In the end, finding the perfect balance of hard sessions and recovery was more difficult than expected, though. Some sessions felt insanely hard but were digested just a few hours later, and some didn’t look too difficult on paper but punched me down with a vengeance. It was unpredictable to me and I learned a big lesson about listening more to my gut feelings.
One mistake I made was that I thought I could do more because I was already so close a year ago. My general fitness mostly stayed, but my speed and VO2max were down going into the 12 week training. I wanted to do too much too early. Mathias noticed and adapted the plan accordingly.
But a few weeks in, I caught a bad cold which struck me down for nearly a week. That was annoying, but could have been no danger to the goal. But then, just after getting back into it, two or three weeks later, it struck again and I was down doing very slow 3-5k runs once more. Part of the risk when having many small kids. I didn’t sleep well during those months, too, which additionally made recovery hard.
At that point I had nearly given up hope, but just nearly. I still saw a chance to run 2:59 at Hanover Marathon, end of March 2023. Completing my unlucky streak, I got sick a third time (!) just three days before the race. Seems like the stars just didn’t align in my favor this time, to no fault of Mathias at all. In the end I ran Hanover with a slight cough, almost recovered as a slow longrun and finished after 3:44 hours.
Getting sick this often is new to me and I’m positive that the training plan had nothing to do with it. The only thing I could learn from this specific experience is that life sometimes gets in the way so plans don’t work out and it’s no use to get angry at that.
🔁 What Will I Do Differently Next Time?
I think I might keep it simpler. The variation and all those modern ideas were fun but made it quite hectic, too. My feeling is that I might do better when I reduce the plan to the essentials and make them constant. For example, 800 meter intervals every Wednesday, 32 kilometer longrun every Saturday. I suppose that doing this consistently over the course of three or more months might get me there, too. And it leaves room for experiments whenever I feel like it, without screwing up too much of the training.
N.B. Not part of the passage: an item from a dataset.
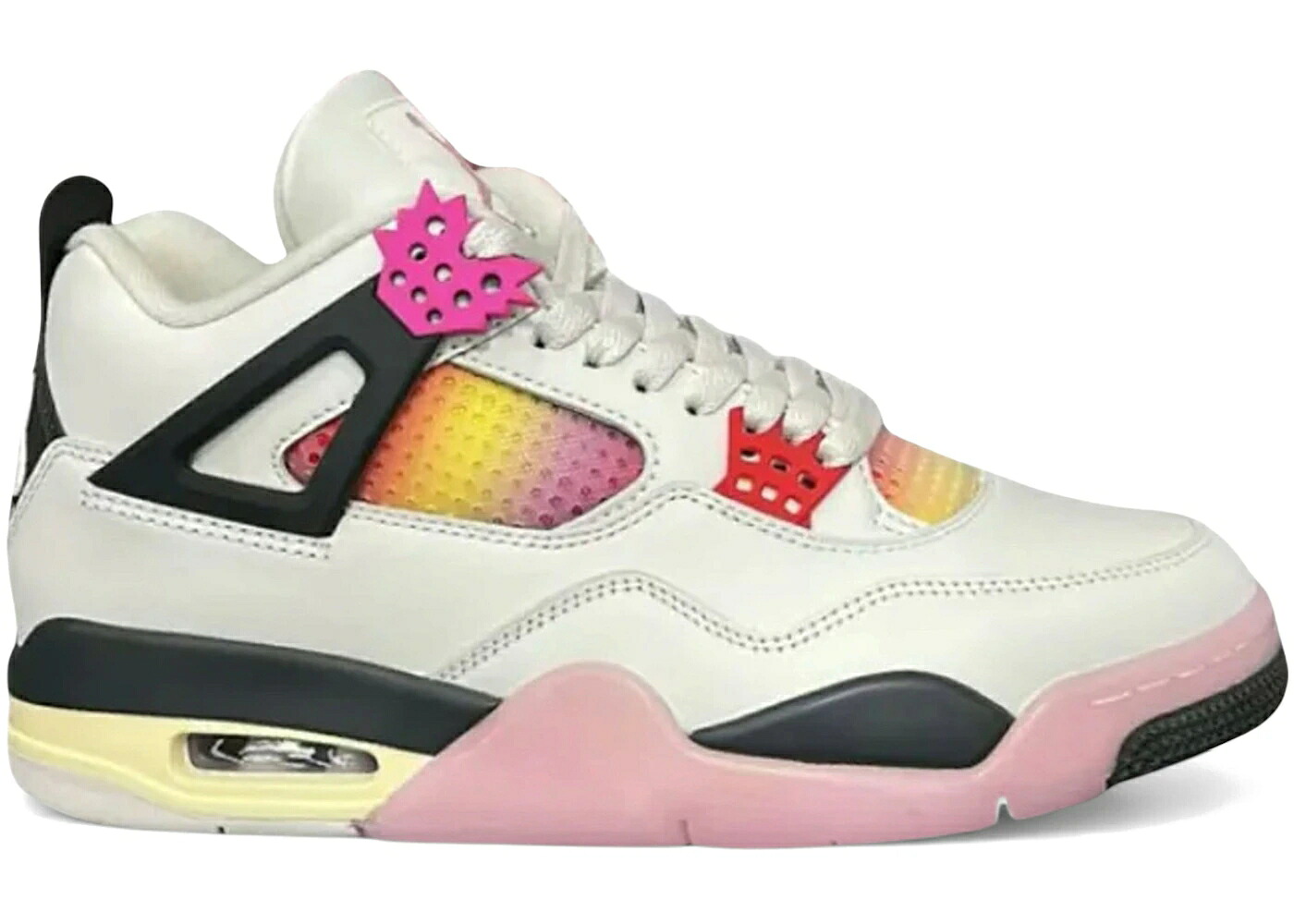 ナイキ ジョーダン 白色 ホワイト スニーカー メンズ JORDAN 4 RETRO COMIC / OFF WHITE ANTHRACITE NEUTRAL｜スニケス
Despite all the sickness during those spring months, my speed definitely improved, and after Hanover Marathon ended up being a little longrun I had Boston Marathon coming up to test my fully healthy marathon running abilities. In harsh conditions on a difficult course I reached a finishing time of 3:22h, and just six days later I was able to run Hamburg Marathon and finish in just 3:14h. This shows that the training still worked quite well despite the sicknesses. A 2:59h marathon won’t happen for me this year, because I have different plans, but my next try in 2024 will hopefully be successful. At 80-82% of maximum heart rate and with enough carbs.
We’re all an experiment of 1. Let’s find out what happens!